On 26 April 2018, the UK government ratified the Unified Patent Court Agreement, bringing one step closer the possibility of achieving a Unitary Patent effective in multiple participating European countries, as well as the setting up of a new international court to rule on infringement and validity disputes. Ratification by Germany is now the last major obstacle that stands in the way of implementation of the new arrangements – but this is currently on hold, pending the outcome of a challenge filed with the German Constitutional Court. If and when this last obstacle is removed, the new system will come into force.
The European Patent Office has existed since 1978, and already grants European patents covering over 40 countries, both inside and outside the European Union. However, upon grant, a European Patent (a “Classical European Patent”) must be separately validated in each individual country in order to come into force - often involving translations and appointment of local attorneys at significant cost. After grant, each national validation is treated separately as far as matters such as renewals and infringement actions are concerned.
Under the new system, a “European Patent with Unitary Effect” (or Unitary Patent) will be available upon grant of a European patent application, as an optional alternative to a “Classical European Patent” – which will allow a much more streamlined (and potentially significantly cheaper) procedure for bringing the patent into force in all participating countries. Such Unitary Patents will automatically come under the jurisdiction of the new Unified Patent Court (UPC), which will have major divisions based in London, Munich and Paris, as well as subsidiary divisions in a number of other locations. The UPC will have jurisdiction to judge on issues of both infringement and validity of Unitary Patents and make orders that are effective in all participating countries. This will potentially lead to a substantial cost saving compared to the current country-by-country procedures.
The UPC will also, by default, have jurisdiction over existing and future “Classical European Patents”, insofar as they cover participating countries. However, for the proprietors of European patents that have been validated on a country-by-country basis and who do not wish to submit to such jurisdiction (for example, because of the possibility of central revocation), there will for at least the first seven years be the option to opt out of the UPC system.

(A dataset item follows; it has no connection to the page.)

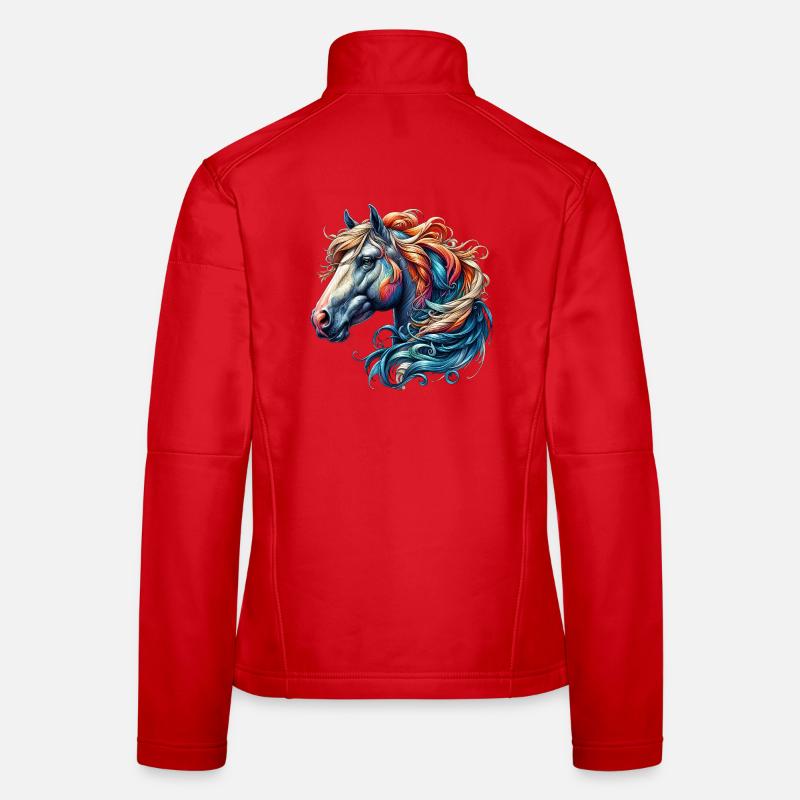 Cheval Veste en tissu softshell Femme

At present, the UPC Agreement has been ratified by Austria, Belgium, Bulgaria, Denmark, Estonia, Finland, France, Italy, Latvia, Lithuania, Luxembourg, Malta, Netherlands, Portugal, Sweden and the United Kingdom. When Germany ratifies, the new system may be expected to enter into force in respect of these countries, along with any other EU countries which have ratified in the meantime. Ratifications are expected in due course by Cyprus, Czech Republic, Greece, Hungary, Ireland, Romania, Slovakia and Slovenia. Croatia, Poland and Spain have indicated that they will not be participating in the new system. For all countries covered by a European patent that are not participating in the new system, national validation will remain the way to achieve protection, just as at present, and the ensuing national patent rights will not be subject to the jurisdiction of the UPC.